У него не было ни минуты, чтобы остаться с Филадельфией наедине, с тех пор как накануне днем они вошли в дом Ормстедов. Единственное время, когда он мог видеть ее, это после обеда. Но и тогда миссис Ормстед стояла рядом с ним, ее зоркие глаза не упускали ни одного нюанса в их движениях. Он не мог дотронуться до Филадельфии, не мог даже спросить ее, как она себя чувствует в роли мадемуазель Ронсар. Теперь он был полон решимости самому осмотреть ее.

Он повернул ее ступню направо, потом налево, взад и вперед.

Наблюдая за ним, Филадельфия забыла, как она обрадовалась, когда он вошел в комнату. Она плохо спала, то и дело просыпалась с тревожным ощущением, что за ней следят. Конечно, никого в комнате не было, а только ее совесть, мучившая ее, что она воспользовалась добротой незнакомой дамы. Как огорчится миссис Ормстед, если узнает, что приютила под своей крышей самозванку. Им нужно просто уехать из этого дома и вернуться в отель «Виндзор».

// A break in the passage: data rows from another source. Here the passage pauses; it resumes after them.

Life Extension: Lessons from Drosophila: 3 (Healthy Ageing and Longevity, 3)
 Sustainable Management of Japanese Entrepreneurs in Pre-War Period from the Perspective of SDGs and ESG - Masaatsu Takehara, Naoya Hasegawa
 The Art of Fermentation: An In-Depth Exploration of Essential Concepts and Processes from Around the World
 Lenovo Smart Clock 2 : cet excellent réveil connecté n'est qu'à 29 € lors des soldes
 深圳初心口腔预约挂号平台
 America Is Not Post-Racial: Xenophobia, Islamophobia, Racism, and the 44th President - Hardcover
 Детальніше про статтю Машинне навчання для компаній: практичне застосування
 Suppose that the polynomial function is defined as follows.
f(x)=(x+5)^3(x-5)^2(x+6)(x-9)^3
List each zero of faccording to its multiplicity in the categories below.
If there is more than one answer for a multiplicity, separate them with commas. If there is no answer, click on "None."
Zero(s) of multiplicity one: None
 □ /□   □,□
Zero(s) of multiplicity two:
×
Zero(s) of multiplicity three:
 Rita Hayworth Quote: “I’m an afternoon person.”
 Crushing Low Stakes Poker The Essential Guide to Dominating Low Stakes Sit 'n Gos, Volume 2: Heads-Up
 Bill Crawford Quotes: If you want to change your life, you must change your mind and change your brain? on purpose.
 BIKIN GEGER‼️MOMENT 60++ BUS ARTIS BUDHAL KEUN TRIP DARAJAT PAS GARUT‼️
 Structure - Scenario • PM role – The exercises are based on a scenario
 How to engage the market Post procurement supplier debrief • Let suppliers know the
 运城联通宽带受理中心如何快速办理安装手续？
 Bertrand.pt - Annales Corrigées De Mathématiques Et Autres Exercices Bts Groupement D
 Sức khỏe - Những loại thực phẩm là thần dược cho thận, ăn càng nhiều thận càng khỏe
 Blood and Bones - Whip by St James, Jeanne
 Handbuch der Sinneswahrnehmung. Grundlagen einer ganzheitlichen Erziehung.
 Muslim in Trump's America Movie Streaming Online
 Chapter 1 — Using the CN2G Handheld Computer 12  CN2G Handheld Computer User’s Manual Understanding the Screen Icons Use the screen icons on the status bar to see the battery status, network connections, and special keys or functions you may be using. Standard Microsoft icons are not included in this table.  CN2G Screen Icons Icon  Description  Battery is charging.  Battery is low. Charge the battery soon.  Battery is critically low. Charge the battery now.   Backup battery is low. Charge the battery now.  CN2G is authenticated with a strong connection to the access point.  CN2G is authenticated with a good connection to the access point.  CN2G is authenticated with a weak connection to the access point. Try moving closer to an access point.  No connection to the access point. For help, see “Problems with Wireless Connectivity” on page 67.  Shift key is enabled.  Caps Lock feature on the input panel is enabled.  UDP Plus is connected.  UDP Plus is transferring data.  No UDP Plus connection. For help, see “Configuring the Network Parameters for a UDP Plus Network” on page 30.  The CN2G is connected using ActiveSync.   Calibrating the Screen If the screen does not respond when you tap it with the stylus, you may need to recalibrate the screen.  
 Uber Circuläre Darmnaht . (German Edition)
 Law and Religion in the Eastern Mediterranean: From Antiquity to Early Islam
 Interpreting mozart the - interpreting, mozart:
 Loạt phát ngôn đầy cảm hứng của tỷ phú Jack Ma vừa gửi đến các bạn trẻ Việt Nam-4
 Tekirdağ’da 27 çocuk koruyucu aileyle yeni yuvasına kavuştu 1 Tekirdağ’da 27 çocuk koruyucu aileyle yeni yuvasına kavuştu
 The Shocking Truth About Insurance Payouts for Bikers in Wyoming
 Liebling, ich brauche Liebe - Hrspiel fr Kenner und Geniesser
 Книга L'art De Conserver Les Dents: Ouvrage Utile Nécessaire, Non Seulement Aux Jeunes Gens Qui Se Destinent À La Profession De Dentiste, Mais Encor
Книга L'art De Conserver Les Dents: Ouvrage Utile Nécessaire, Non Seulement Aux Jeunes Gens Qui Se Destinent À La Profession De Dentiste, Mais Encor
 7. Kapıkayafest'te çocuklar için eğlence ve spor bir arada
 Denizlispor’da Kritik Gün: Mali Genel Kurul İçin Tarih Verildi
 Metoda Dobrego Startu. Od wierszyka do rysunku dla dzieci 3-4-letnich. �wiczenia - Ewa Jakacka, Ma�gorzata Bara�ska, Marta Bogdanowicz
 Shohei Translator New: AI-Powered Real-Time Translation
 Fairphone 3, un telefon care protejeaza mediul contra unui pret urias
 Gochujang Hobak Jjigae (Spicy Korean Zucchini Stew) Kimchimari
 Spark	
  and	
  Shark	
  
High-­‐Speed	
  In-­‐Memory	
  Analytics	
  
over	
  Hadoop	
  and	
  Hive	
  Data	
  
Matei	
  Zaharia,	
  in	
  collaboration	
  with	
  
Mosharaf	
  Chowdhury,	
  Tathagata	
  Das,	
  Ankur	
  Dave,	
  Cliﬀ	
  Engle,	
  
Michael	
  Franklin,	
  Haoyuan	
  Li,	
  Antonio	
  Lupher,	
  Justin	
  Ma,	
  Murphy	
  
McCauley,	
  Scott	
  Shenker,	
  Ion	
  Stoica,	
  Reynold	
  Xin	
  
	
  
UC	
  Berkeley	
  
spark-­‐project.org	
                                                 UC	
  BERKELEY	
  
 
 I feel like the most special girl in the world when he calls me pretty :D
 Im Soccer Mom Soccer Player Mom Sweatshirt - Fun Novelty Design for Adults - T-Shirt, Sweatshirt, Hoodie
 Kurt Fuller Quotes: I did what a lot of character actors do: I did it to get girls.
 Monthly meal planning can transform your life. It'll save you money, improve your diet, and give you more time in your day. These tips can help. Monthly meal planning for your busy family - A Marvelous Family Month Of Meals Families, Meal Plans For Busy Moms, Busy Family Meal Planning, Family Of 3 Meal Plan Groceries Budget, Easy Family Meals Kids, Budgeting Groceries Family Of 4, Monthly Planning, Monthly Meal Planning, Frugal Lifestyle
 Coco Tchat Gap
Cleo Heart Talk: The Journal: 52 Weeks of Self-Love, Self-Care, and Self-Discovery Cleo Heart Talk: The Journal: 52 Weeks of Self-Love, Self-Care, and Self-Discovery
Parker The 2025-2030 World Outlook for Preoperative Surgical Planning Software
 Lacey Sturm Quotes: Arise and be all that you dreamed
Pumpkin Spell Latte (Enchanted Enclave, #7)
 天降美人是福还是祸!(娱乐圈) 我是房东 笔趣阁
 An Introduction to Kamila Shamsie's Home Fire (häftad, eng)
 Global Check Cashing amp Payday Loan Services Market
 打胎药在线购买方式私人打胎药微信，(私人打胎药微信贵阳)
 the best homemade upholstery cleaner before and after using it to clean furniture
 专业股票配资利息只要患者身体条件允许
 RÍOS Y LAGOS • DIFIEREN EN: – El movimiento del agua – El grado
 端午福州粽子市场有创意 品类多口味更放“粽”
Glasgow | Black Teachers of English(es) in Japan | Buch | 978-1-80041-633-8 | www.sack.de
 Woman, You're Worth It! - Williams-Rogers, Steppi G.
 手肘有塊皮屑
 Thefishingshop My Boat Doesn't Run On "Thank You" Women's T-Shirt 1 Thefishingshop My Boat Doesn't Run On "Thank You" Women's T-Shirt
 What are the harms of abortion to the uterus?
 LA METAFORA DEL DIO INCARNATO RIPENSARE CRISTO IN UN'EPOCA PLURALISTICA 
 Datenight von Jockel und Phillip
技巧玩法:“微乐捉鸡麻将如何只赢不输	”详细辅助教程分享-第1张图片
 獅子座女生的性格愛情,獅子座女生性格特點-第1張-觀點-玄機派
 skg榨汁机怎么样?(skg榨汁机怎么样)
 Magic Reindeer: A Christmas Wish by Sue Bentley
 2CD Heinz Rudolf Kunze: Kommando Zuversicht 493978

— Ну что? — спросила она. — Вы удовлетворены, что моя нога на месте?

— Я удовлетворен тем, что она не сломана, — ответил он, не поднимая глаз. — Я надеялся, что он хотя бы наложил мазь. Я обращаюсь со своими лошадьми лучше, чем этот доктор с людьми.

— Во всяком случае, я заслуживаю лучшего обращения, чем ваше. Вы крутите мою лодыжку так, что у меня кровь стучит еще сильнее.

— Правда? — удивился он. — Тогда я исправлю свою ошибку.

Медленными, но решительными движениями он начал массировать ей лодыжку, сначала легкими прикосновениями, потом усиливая нажим. Левой рукой он прочно держал ее за пятку.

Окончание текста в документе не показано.